I am currently running repetitions of an experiment that uses MEX files in MATLAB 2012a and occasionally running into segmentation faults that I cannot understand.

Some information about the faults

  • They occur randomly

  • They only occur when I run multiple repetitions of my experiment in parallel on a Linux machine using a parfor loop.

  • They do not occur when I run multiple repetitions of my experiment in parallel on Mac OSX 10.7 using a parfor loop.

  • They do not occur when I run or do they occur when I run the repetitions sequentially.

  • They seem to occur far less frequently when I run 2 experiments in parallel - as opposed to 12 experiments in parallel.

Some information about my MEX file:

  • It is written in C

  • It uses the IBM CPLEX 12.4 API (this is thread-safe)

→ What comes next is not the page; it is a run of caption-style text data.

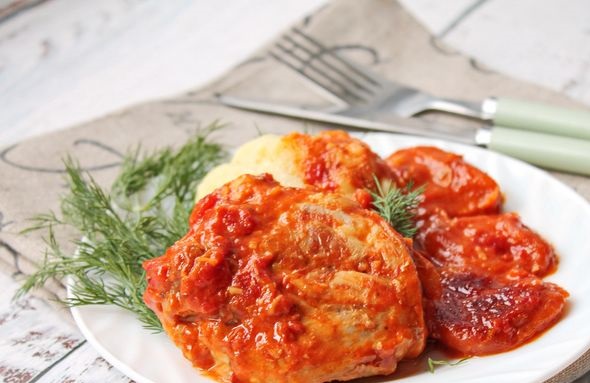 Chicken Stewed in Tomato Sauce with Dried Apricots, Ginger and Curry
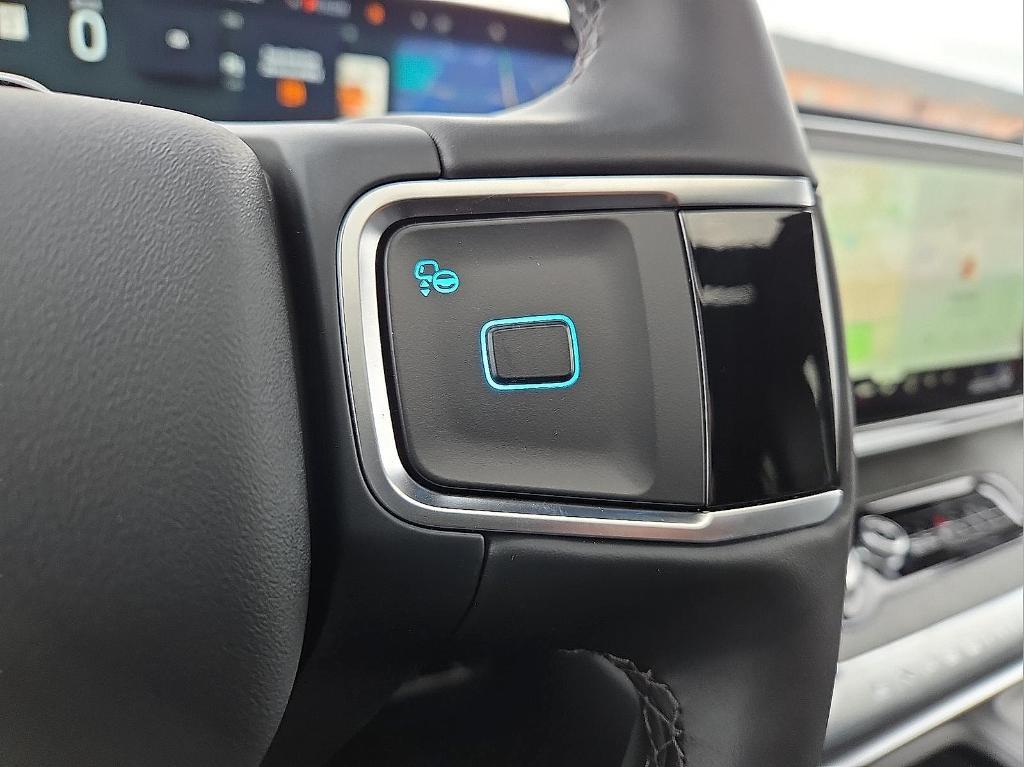 new 2026 Ford Expedition car, priced at $85,874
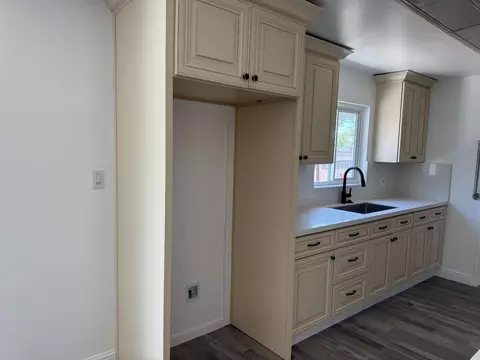 806 E Longview Ave, Stockton, CA 95207 photo 9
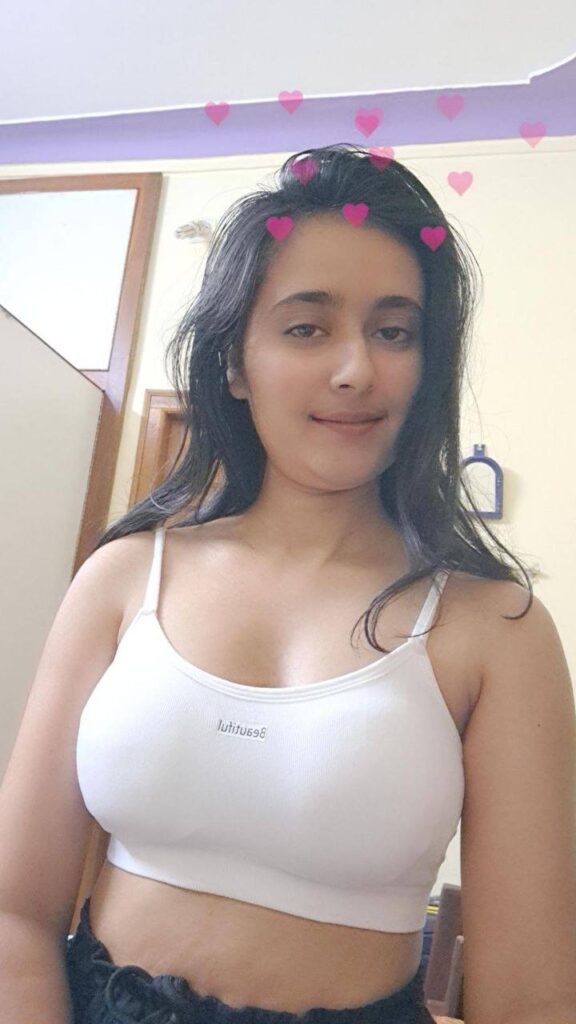 Cute Desi Teen Nude With Sweet Pussy
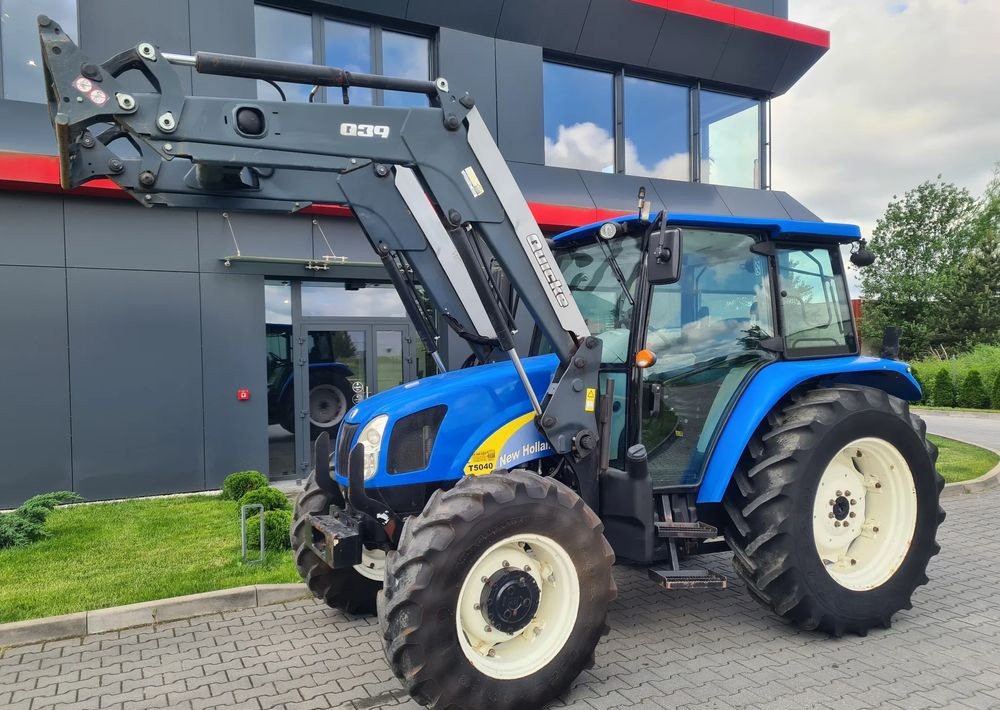 New Holland T5040 - جرار: صور 1 New Holland T5040 - جرار: صور 1
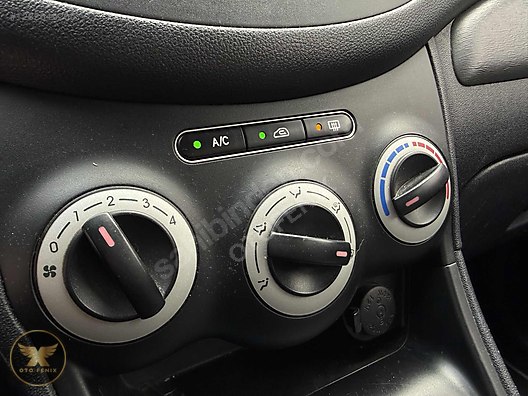 OTOFENİX 2009 HYUNDAI I10 1.1 TEAM OTOMATİK 98.683 KM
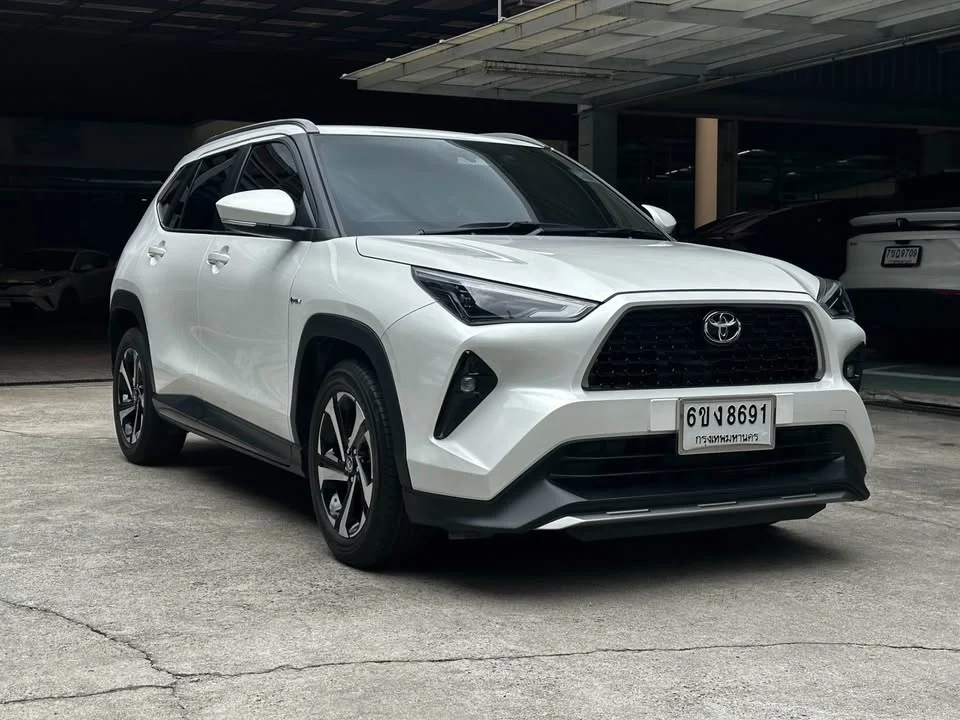 2024 Toyota Yaris Cross AC200 3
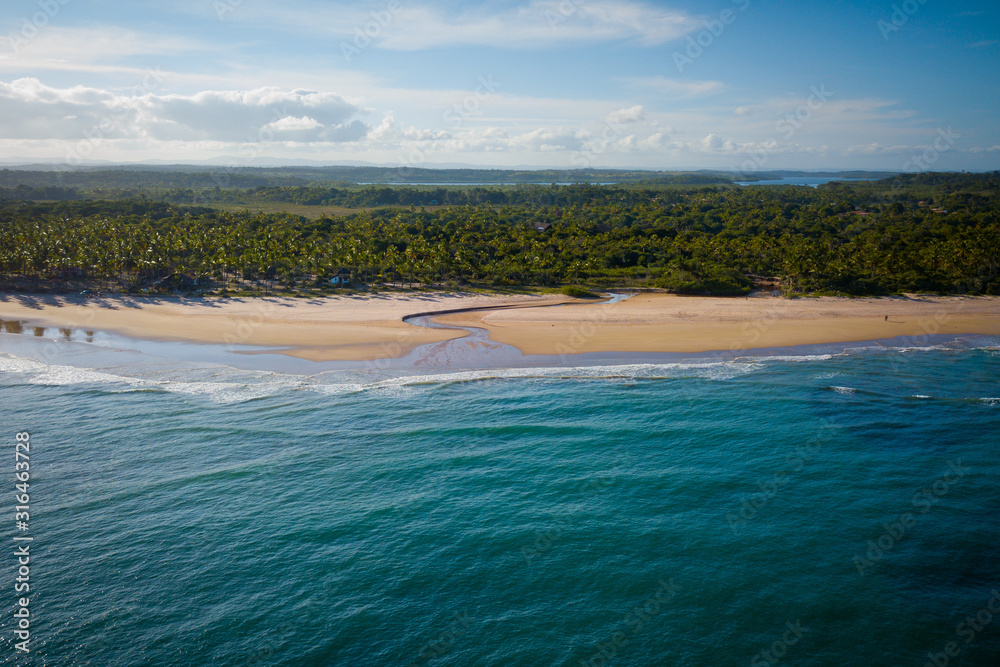 Algodões beach is located on the Maraú peninsula, one of the main tourist destinations in the south 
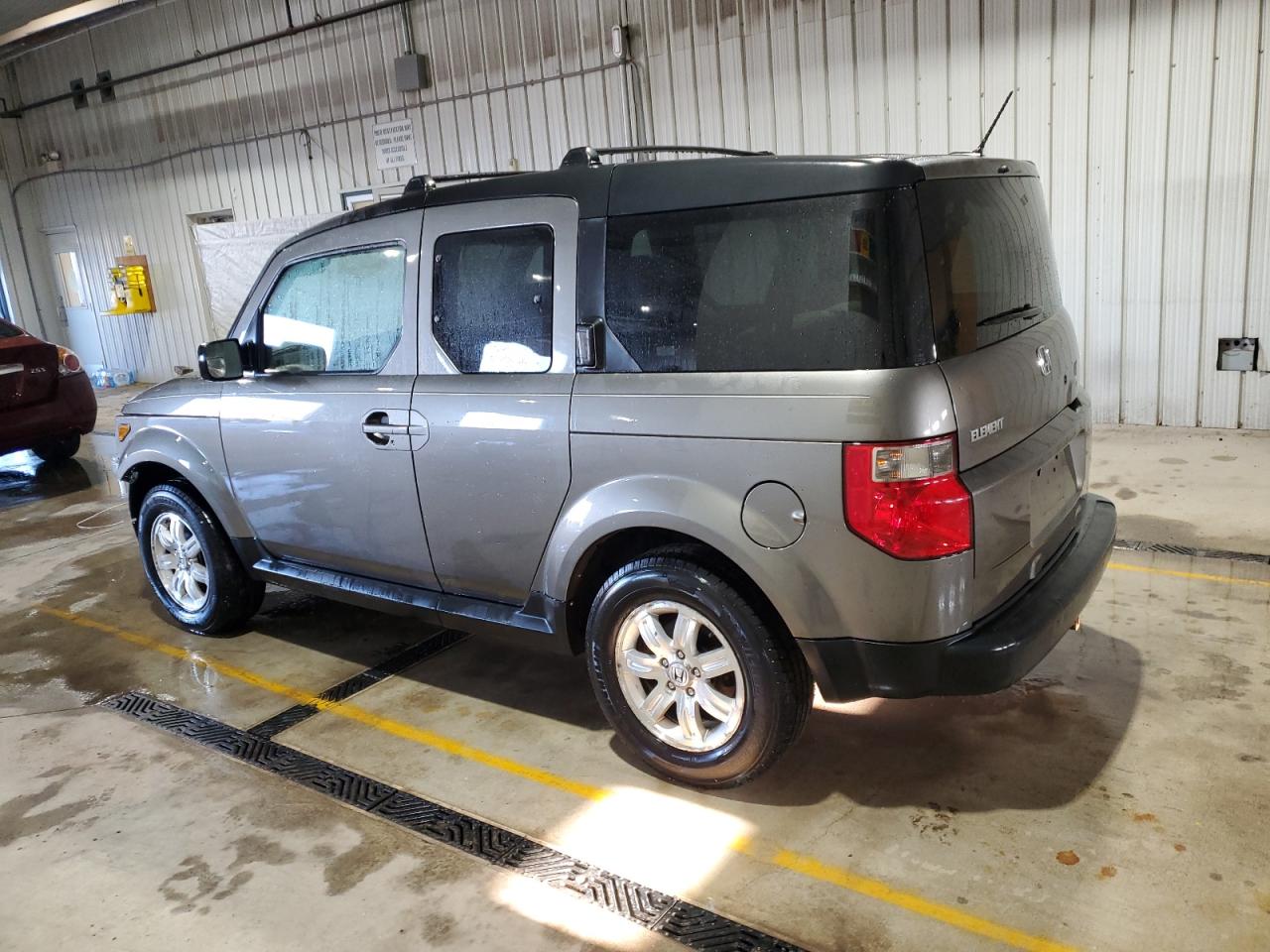 2007 Honda Element - Image 2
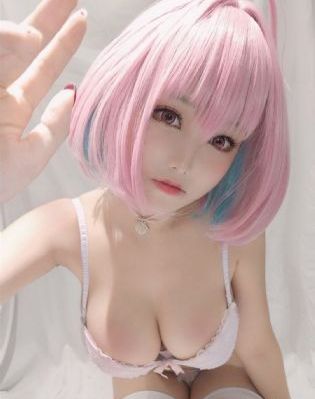 国产美女在线诱惑_4K完整版观看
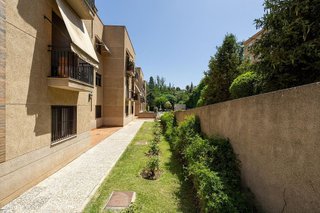 Piso en venta en Bola de Oro - Serrallo en Granada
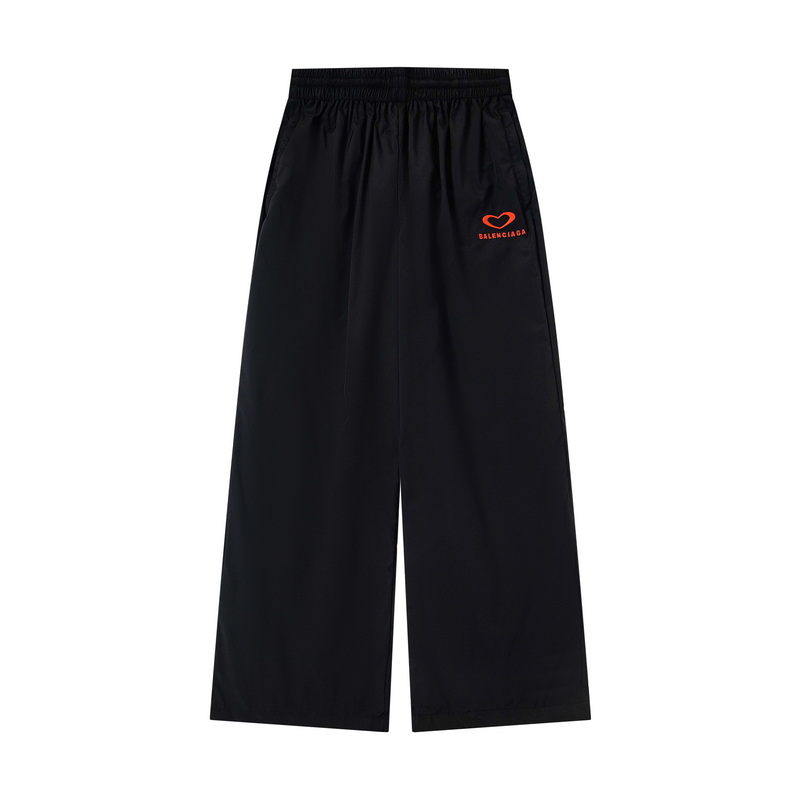 P115 Balenciaga /巴黎世家 25ss 七夕限定款运动休闲裤 前幅经典字母爱心刺绣工艺 环保科技进口尼龙功能性面料 定制1:1五金拉链 宽松版型 男女同款 -Color: 黑色 -Size: 1 2 3 4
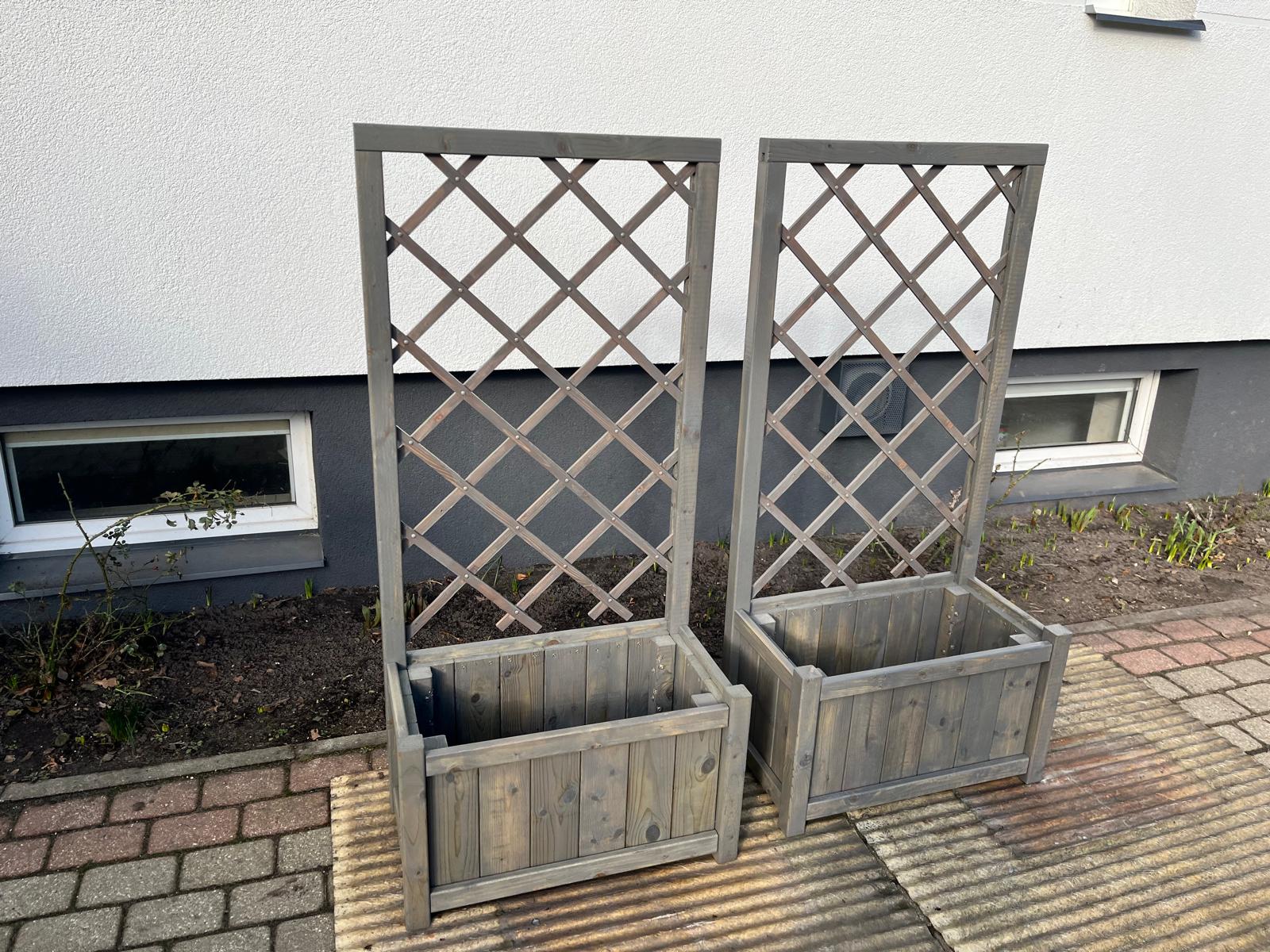 Flower box(trellis).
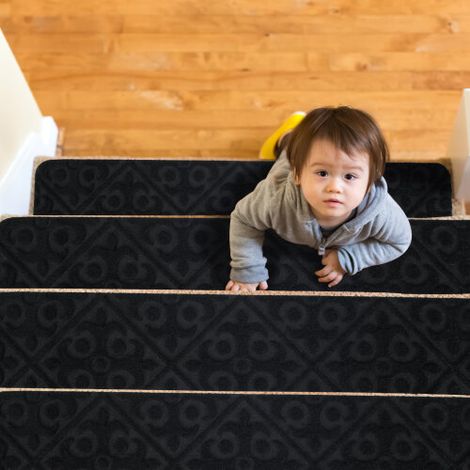 15PCS Non-Slip Carpet Stair Treads 76x20cm Mats Indoor for Wooden Steps Black (1/3)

  • It was compiled using GCC 4.6.3

My thoughts are that there may be some issue in accessing the MEX file in multiple cores. Can anyone shed any light on what might be going on or suggest a fix? I'd be happy to provide more information as necessary.

回答1:

I've recently sent a stack trace to the people at MATLAB and it turns out that the culprit is not my code but one of the functions from the CPLEX 12.4 API. It turns out that this function uses the putenv() function in C which is not necessarily thread-safe.

Unfortunately, I have to keep using this function and the API so I've posted a follow-up thread that focuses on finding ways to avoid this fault.

Any advice would be appreciated.



回答2:

My thoughts are that there may be some issue in accessing the MEX file in multiple cores.

It's much more likely that your MEX file has a bug. Various bugs (which are very easy to make in C), such as accessing dangling memory, double-free()ing, or writing past the end of allocated array, will cause intermittent SIGSEGV.

Your best bet is to run Matlab under a debugger, and see where it crashes.